RECORDS FOR THIS EXERCISE
------------------------------------------------------------

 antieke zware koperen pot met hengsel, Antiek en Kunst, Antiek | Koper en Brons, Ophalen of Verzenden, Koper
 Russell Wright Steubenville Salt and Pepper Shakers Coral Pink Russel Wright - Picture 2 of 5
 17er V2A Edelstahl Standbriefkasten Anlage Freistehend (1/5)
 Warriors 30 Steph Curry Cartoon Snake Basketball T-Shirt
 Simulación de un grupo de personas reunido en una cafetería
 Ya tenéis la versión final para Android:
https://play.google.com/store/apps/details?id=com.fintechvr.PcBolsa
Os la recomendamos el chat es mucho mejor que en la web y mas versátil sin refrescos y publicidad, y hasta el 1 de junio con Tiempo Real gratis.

------------------------------------------------------------

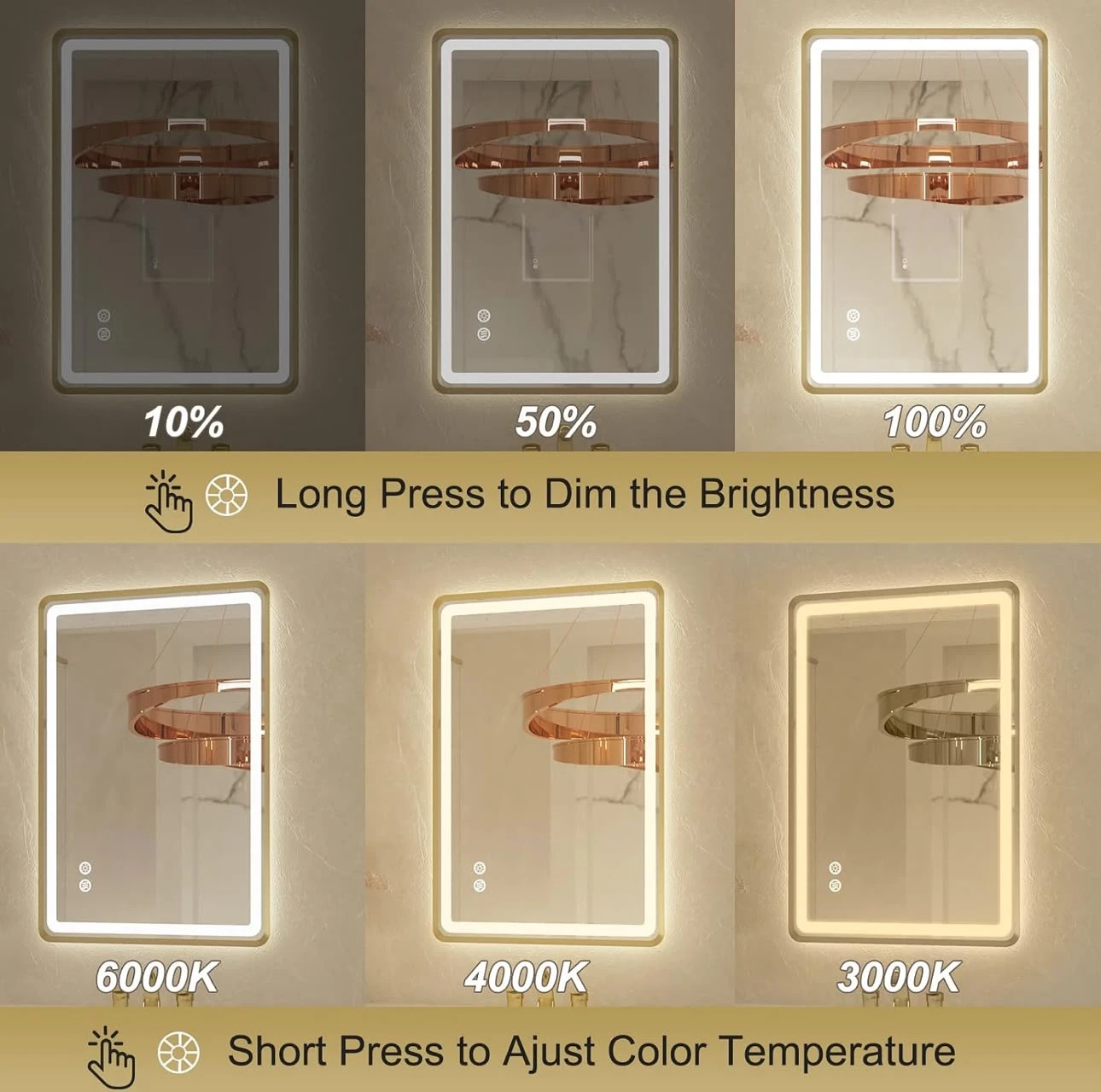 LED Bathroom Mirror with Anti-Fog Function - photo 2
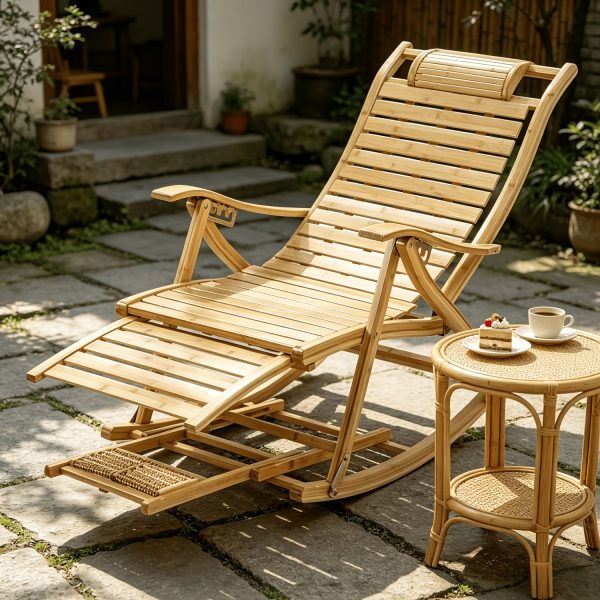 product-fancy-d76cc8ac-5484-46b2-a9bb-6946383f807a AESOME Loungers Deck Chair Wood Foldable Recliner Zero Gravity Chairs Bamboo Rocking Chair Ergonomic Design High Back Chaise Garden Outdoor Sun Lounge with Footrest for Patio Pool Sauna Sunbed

------------------------------------------------------------

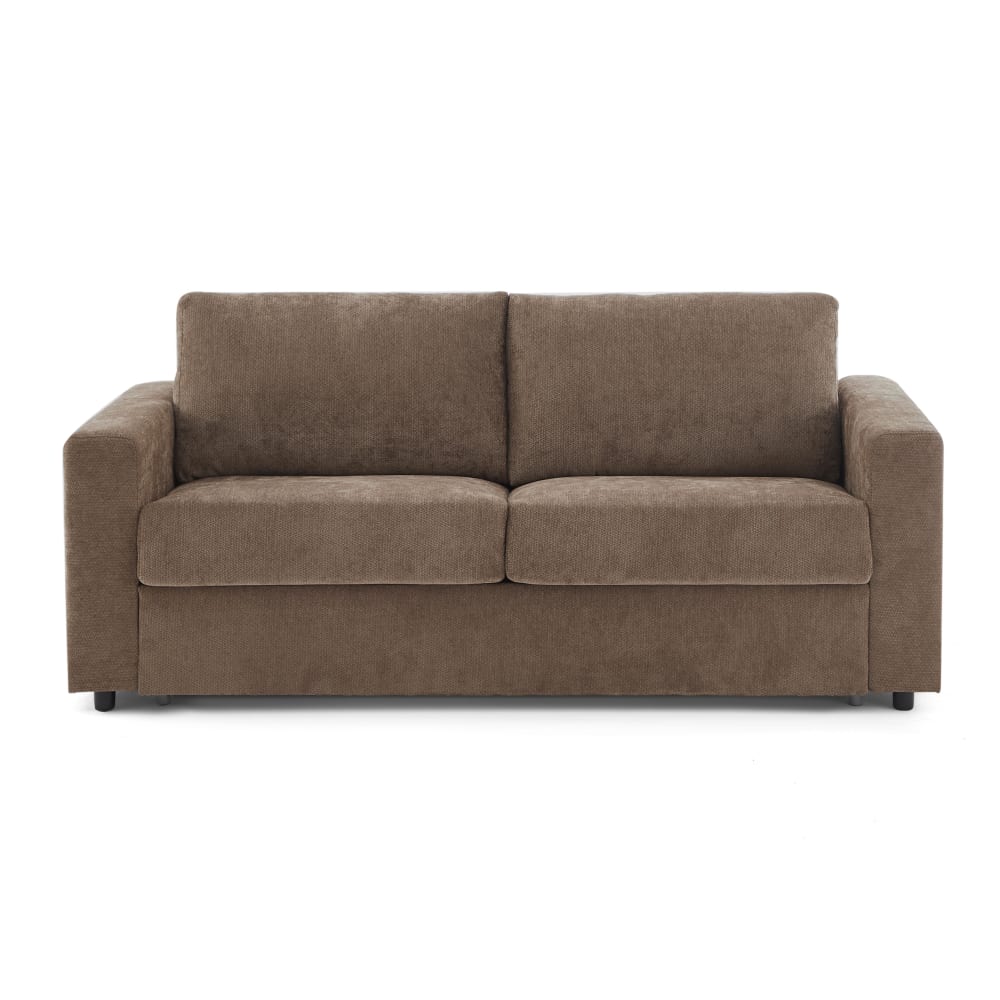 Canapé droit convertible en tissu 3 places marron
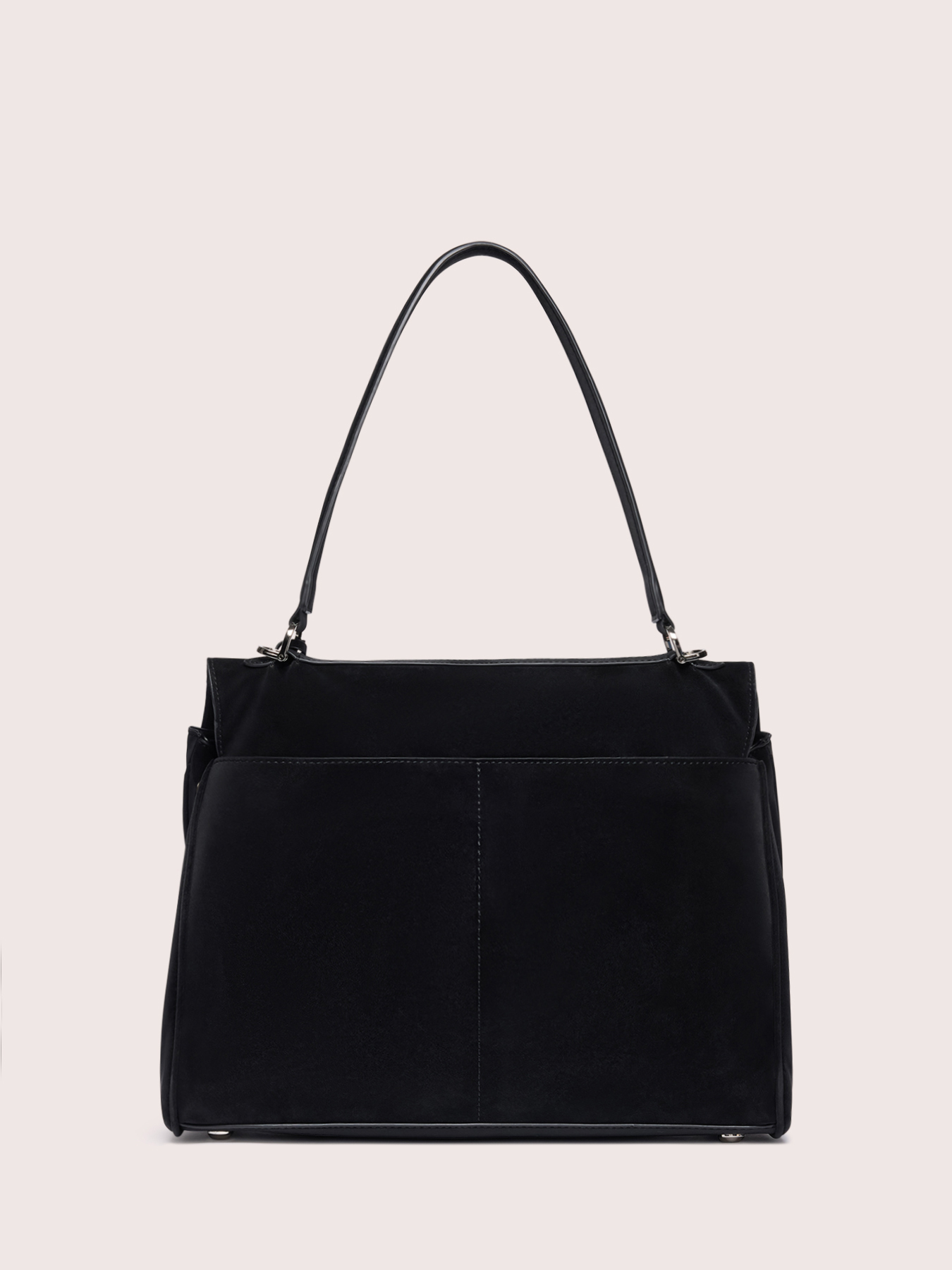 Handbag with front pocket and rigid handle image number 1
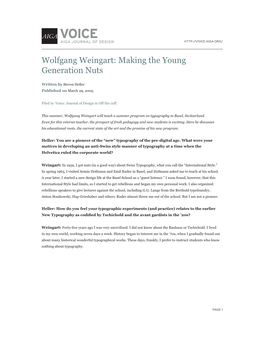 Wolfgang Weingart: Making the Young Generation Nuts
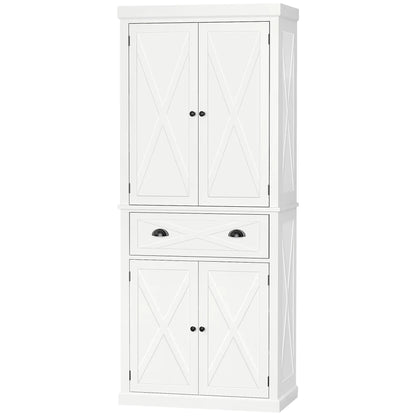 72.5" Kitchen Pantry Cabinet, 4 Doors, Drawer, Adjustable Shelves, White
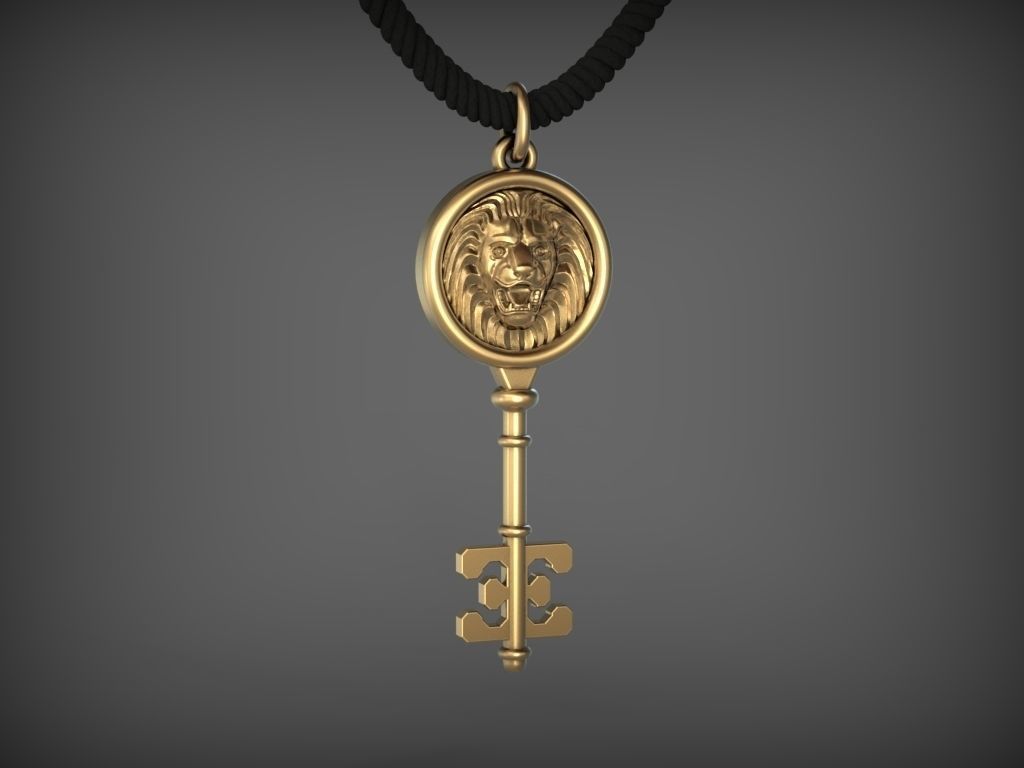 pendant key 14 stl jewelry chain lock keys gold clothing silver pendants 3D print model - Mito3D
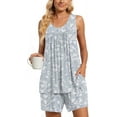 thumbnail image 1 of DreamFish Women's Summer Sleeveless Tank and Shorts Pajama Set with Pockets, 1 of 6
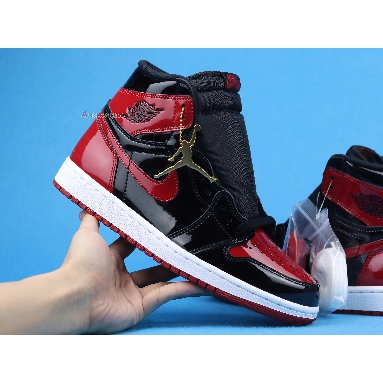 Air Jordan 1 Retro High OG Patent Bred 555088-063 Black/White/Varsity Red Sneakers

------------------------------------------------------------

DIRECTIONS FOR THIS TASK
With the pictures removed from your copy, retype the lines above from the one that contains "Adjustable Shelves, White" through the one that contains "Air Jordan 1", exactly.

ANSWER
 72.5" Kitchen Pantry Cabinet, 4 Doors, Drawer, Adjustable Shelves, White
 pendant key 14 stl jewelry chain lock keys gold clothing silver pendants 3D print model - Mito3D
 thumbnail image 1 of DreamFish Women's Summer Sleeveless Tank and Shorts Pajama Set with Pockets, 1 of 6
 Air Jordan 1 Retro High OG Patent Bred 555088-063 Black/White/Varsity Red Sneakers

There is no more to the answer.